Well, one of the things I’m really interested in is some explorations that one of my Ph.D. students, Shilad Sen has been leading where he’s been exploring the impacts of tagging on how users behave on a website. And one of the things he’s looking at particularly is how recommenders interact with tagging systems.
So the question is if you have a typical user tagging system, people just start applying tags to the site kind of randomly then over time you’ll see the vocabulary that’s being used on the site diverge and become less and less relevant to the users of the site.
Well, one of the ideas is that maybe a recommender could detect that, it could sort of watch the vocabulary as its emerging and it could make sure that the tagging system itself applied some pressure to tagging users to try to encourage them to use tags that were the most valuable tags for those users.
So is it building taxonomy?
Exactly. What it’s doing is it’s watching the user’s tag and it’s trying to understand the emerging taxonomy of the tags and then sort of encourage other users by the recommendations that it makes to fit their tags into that taxonomy. Now it never requires it – like all tagging systems, any user can apply any tag they want. I remember I saw a tag a little while ago, my favorite tag ever, it was “great music to listen to while drinking tequilas and driving in a convertible to Mexico.”
What a tag! I mean how much more precise do you get? So you could always add that tag if you want, but what the recommender does is it sort of encourages you to use tags that are a better fit for the community.

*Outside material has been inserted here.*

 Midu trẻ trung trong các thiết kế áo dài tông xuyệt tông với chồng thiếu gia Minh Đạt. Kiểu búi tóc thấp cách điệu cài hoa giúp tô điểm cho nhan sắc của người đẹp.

So what it really is doing is in essence setting a linguistic architecture so that when people come in, they can be more specific by having different diverse tag sets out there around cluster and content.
That’s amazing. And then that scales with the machine learning; essentially it’s the machine-learning environment, right?
Exactly, it scales with the people and with the machine learning algorithms that you use.
Wow that’s exciting. Anything coming onto the network that we can play with at all? Or people out there who were interested?
That’s right, yeah; we’d love to have you come visit our research site. This is totally not for profit, just a National Science Foundation supported research site; it’s called http://www.movielens.org and please come. You can see our tagging features, you can see a bunch of other community features that you’re exploring, and if any of your listeners would like to see the published papers that underlie our work they’re all available on our website at http://www.grouplens.org.
John thanks so much for the chat and I’ve always loved talking about computer science and some of the innovations out there and Web 2.0, modern web and recommendations and group theory and group research and group algorithms – great stuff. Thanks so much for taking the time.
Well, thank you. I couldn’t agree more. It’s just a wonderful time to be alive.